STORED DATA

--------------------------------

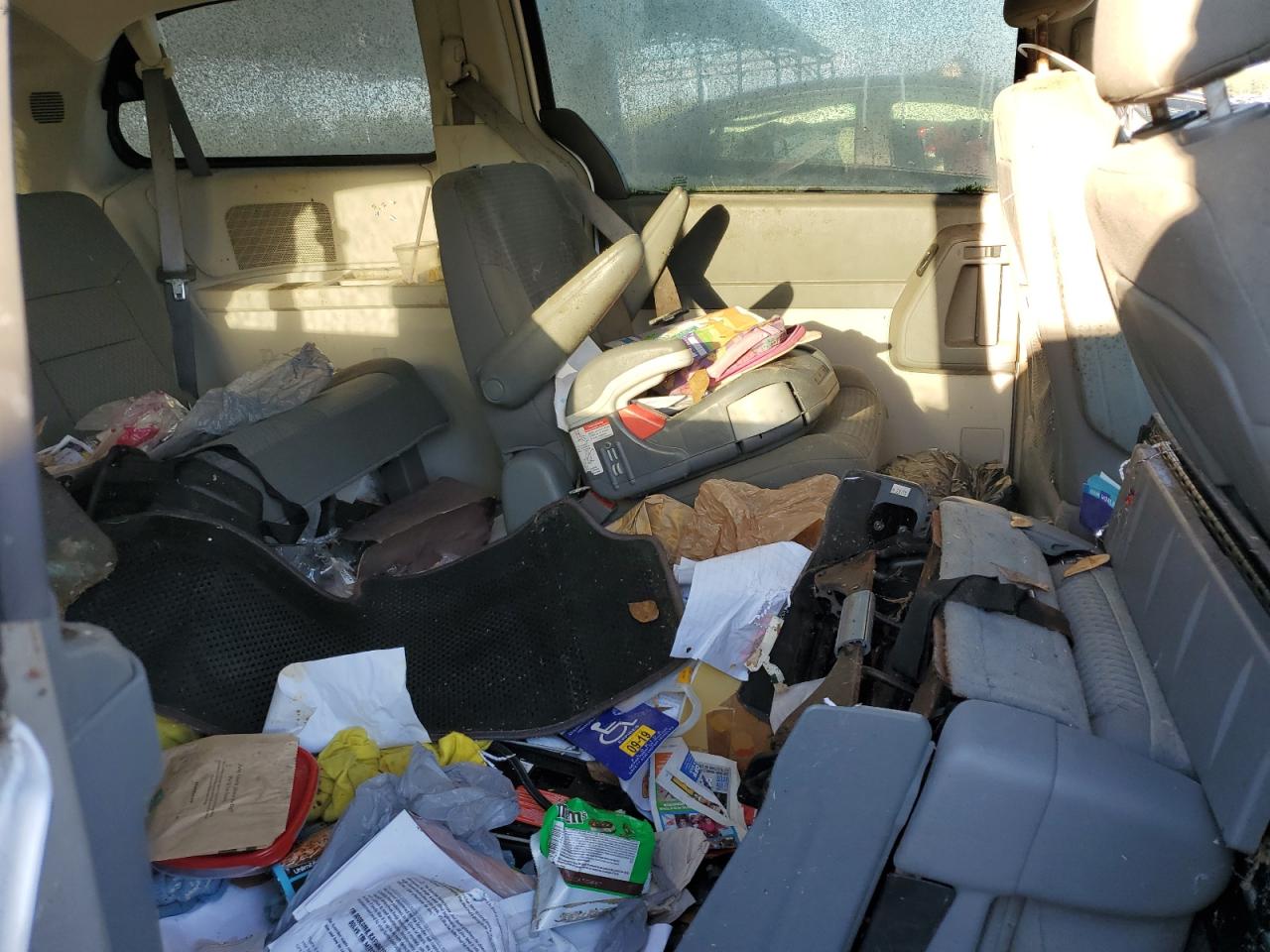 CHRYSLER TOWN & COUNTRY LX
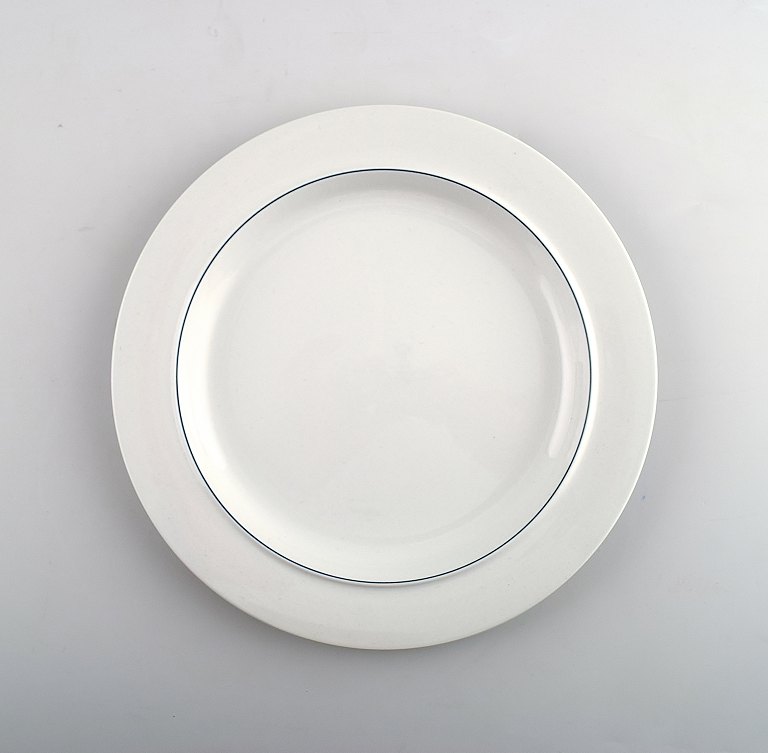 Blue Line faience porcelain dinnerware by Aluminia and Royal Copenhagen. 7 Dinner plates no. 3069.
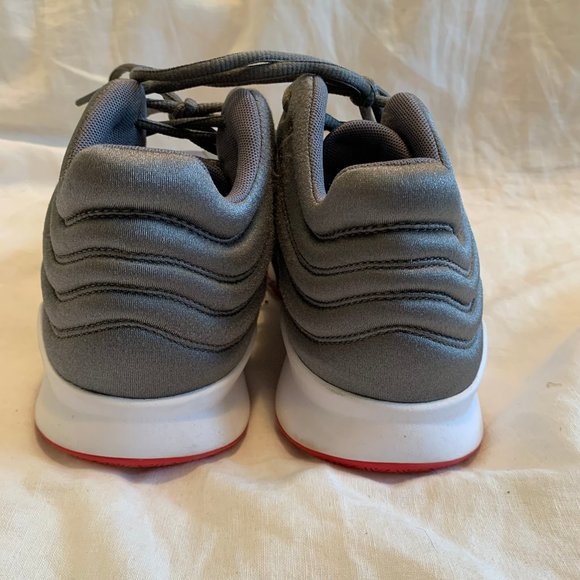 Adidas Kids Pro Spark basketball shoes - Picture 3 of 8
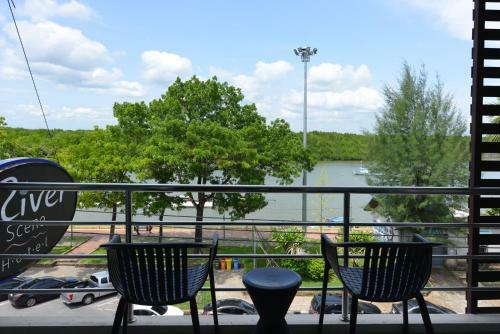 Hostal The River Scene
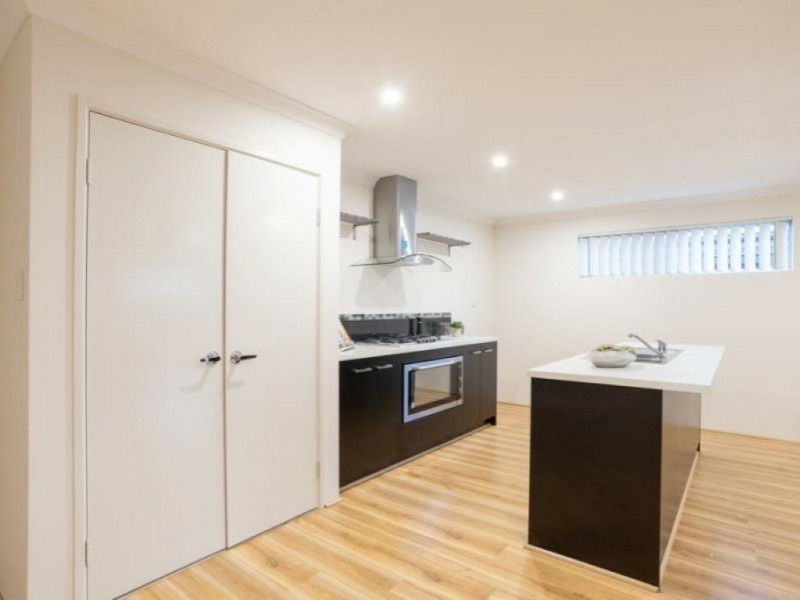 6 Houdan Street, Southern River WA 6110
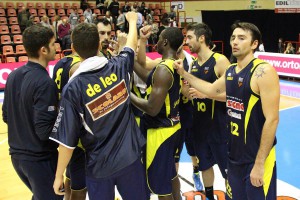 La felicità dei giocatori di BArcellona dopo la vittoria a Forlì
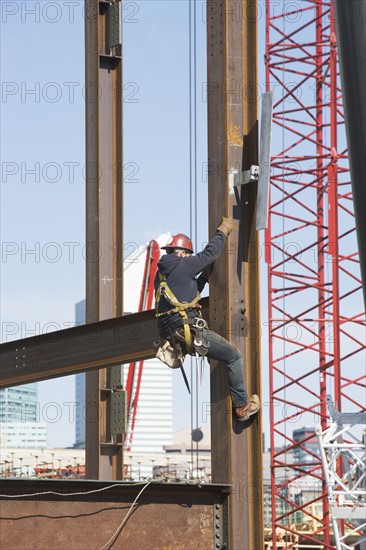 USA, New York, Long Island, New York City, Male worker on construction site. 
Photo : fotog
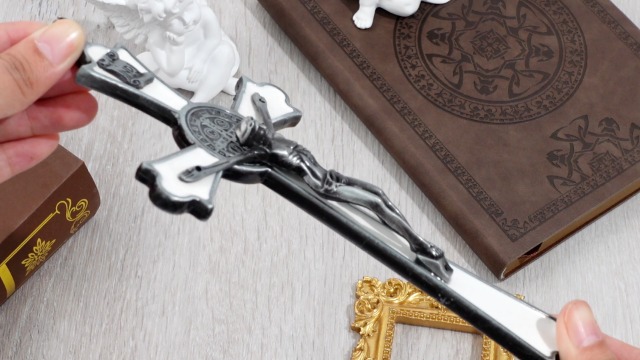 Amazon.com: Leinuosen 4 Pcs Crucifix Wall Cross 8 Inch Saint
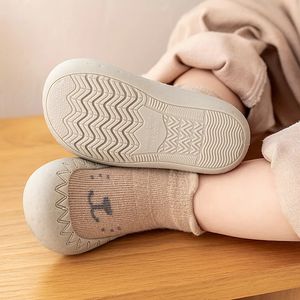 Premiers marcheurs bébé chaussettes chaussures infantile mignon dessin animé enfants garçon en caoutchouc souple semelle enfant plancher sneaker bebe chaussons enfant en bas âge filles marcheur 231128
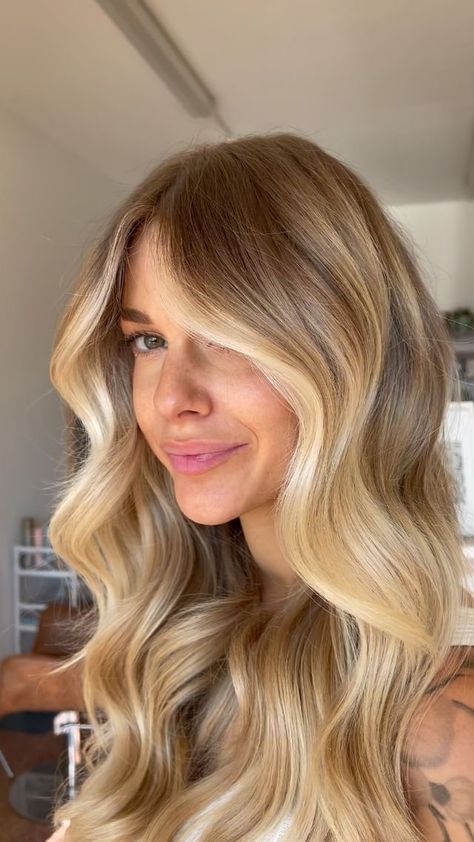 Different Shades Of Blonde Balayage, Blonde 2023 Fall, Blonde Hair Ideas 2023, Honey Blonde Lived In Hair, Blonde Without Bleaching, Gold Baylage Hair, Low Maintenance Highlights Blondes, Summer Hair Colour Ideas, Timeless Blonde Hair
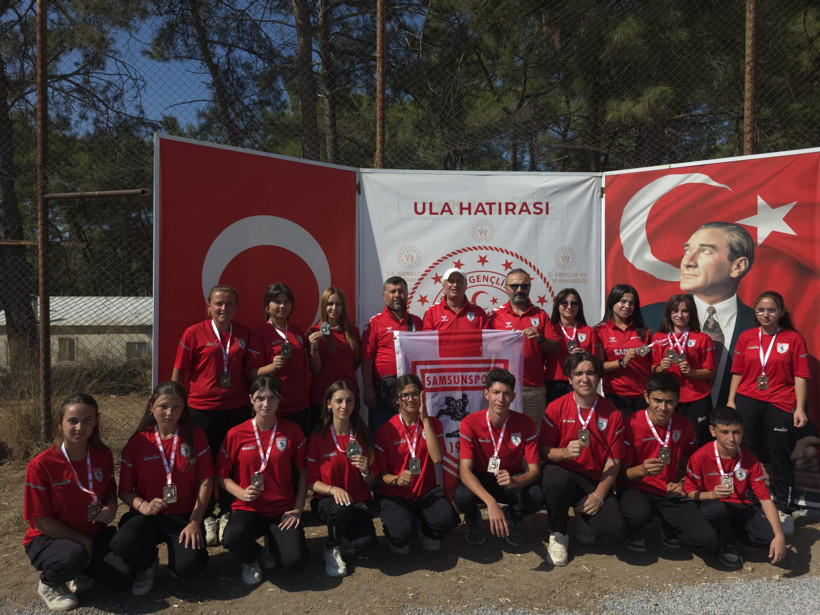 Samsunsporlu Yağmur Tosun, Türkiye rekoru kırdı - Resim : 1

--------------------------------

WHAT TO PRODUCE
Every entry above should come back exactly as written, except for its pictures.

WRITTEN RESPONSE
 CHRYSLER TOWN & COUNTRY LX
 Blue Line faience porcelain dinnerware by Aluminia and Royal Copenhagen. 7 Dinner plates no. 3069.
 Adidas Kids Pro Spark basketball shoes - Picture 3 of 8
 Hostal The River Scene
 6 Houdan Street, Southern River WA 6110
 La felicità dei giocatori di BArcellona dopo la vittoria a Forlì
 USA, New York, Long Island, New York City, Male worker on construction site. 
Photo : fotog
 Amazon.com: Leinuosen 4 Pcs Crucifix Wall Cross 8 Inch Saint
 Premiers marcheurs bébé chaussettes chaussures infantile mignon dessin animé enfants garçon en caoutchouc souple semelle enfant plancher sneaker bebe chaussons enfant en bas âge filles marcheur 231128
 Different Shades Of Blonde Balayage, Blonde 2023 Fall, Blonde Hair Ideas 2023, Honey Blonde Lived In Hair, Blonde Without Bleaching, Gold Baylage Hair, Low Maintenance Highlights Blondes, Summer Hair Colour Ideas, Timeless Blonde Hair
 Samsunsporlu Yağmur Tosun, Türkiye rekoru kırdı - Resim : 1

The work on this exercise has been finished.